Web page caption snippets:
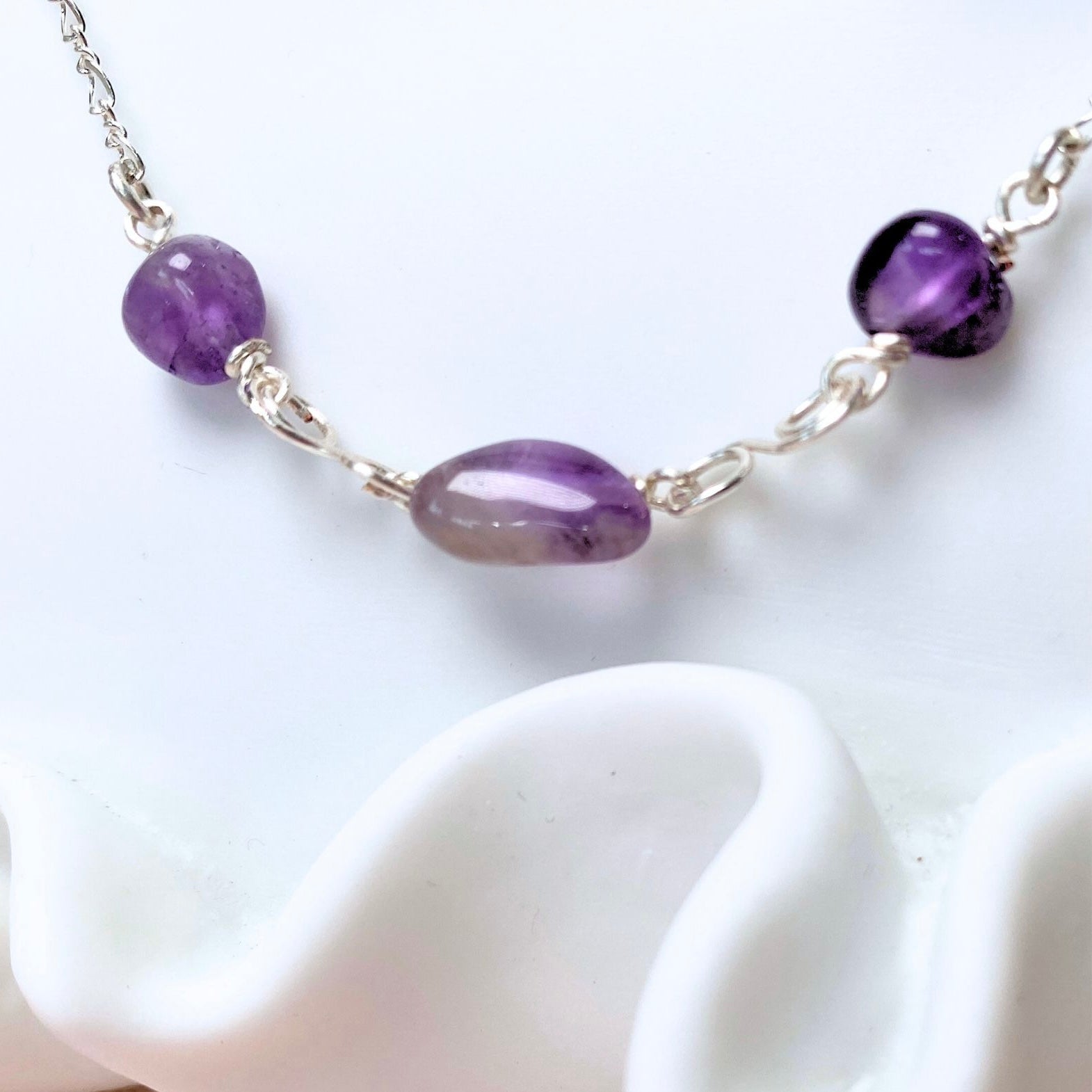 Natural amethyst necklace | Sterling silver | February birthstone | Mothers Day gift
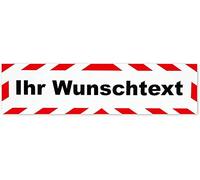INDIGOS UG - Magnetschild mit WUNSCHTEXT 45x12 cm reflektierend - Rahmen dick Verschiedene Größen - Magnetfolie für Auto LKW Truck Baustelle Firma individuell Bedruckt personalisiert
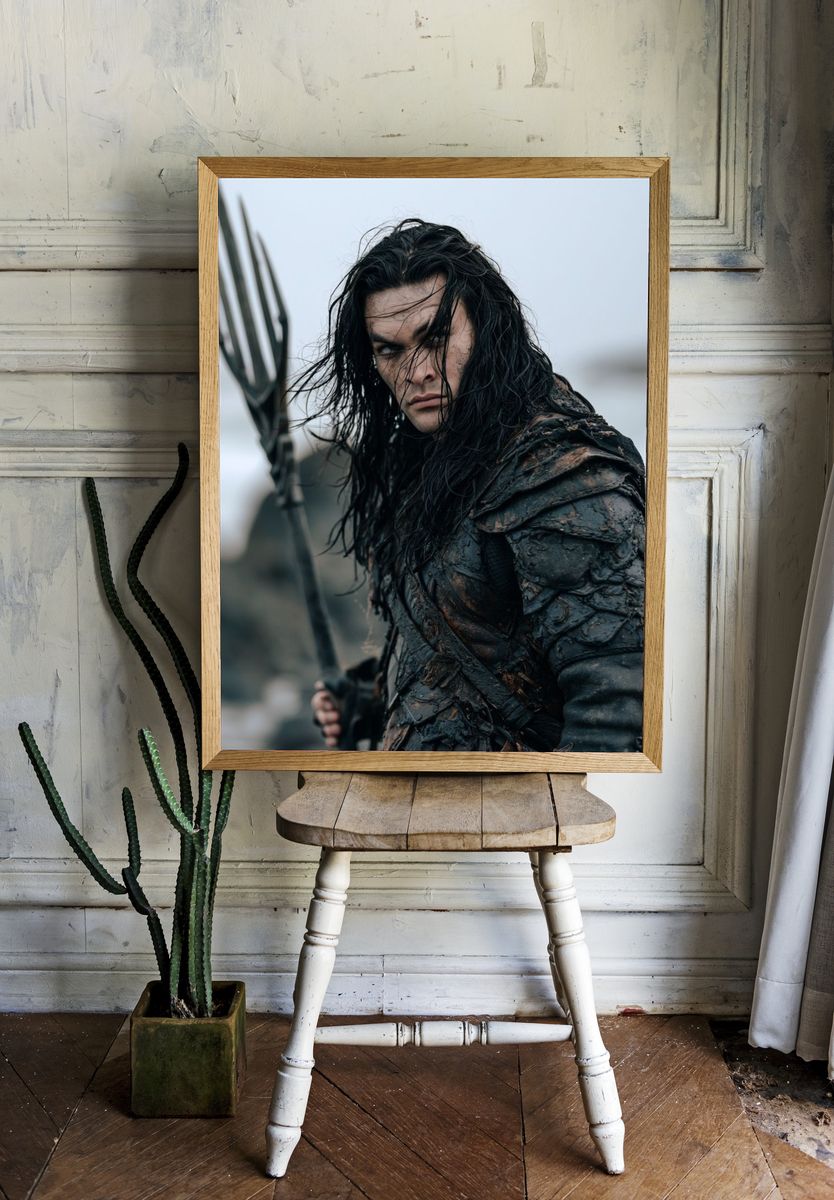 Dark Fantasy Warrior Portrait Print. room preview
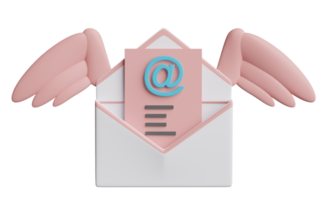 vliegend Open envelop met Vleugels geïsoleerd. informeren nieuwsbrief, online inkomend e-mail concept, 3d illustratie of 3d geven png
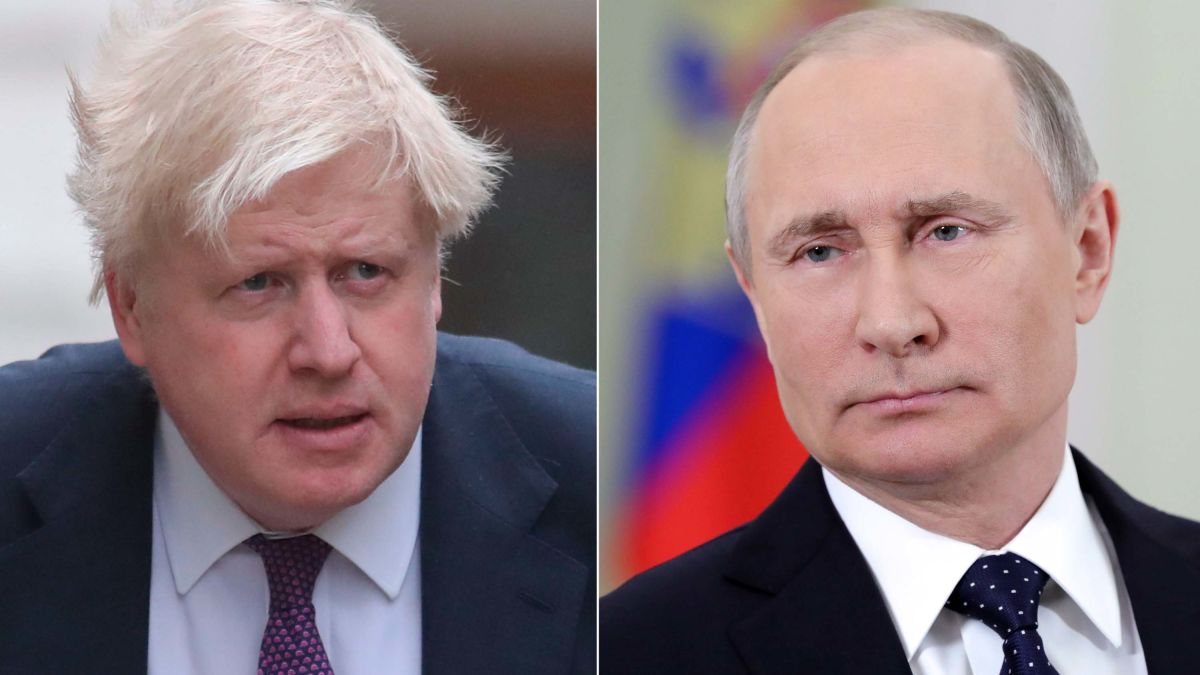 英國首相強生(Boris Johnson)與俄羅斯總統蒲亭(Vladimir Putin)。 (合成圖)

§ PROBLEM
Exactly restate the lines from the one holding "vliegend Open envelop" to the final line of the records above, including both and excluding pictures.

§ SOLUTION TO THIS TASK
 vliegend Open envelop met Vleugels geïsoleerd. informeren nieuwsbrief, online inkomend e-mail concept, 3d illustratie of 3d geven png
 英國首相強生(Boris Johnson)與俄羅斯總統蒲亭(Vladimir Putin)。 (合成圖)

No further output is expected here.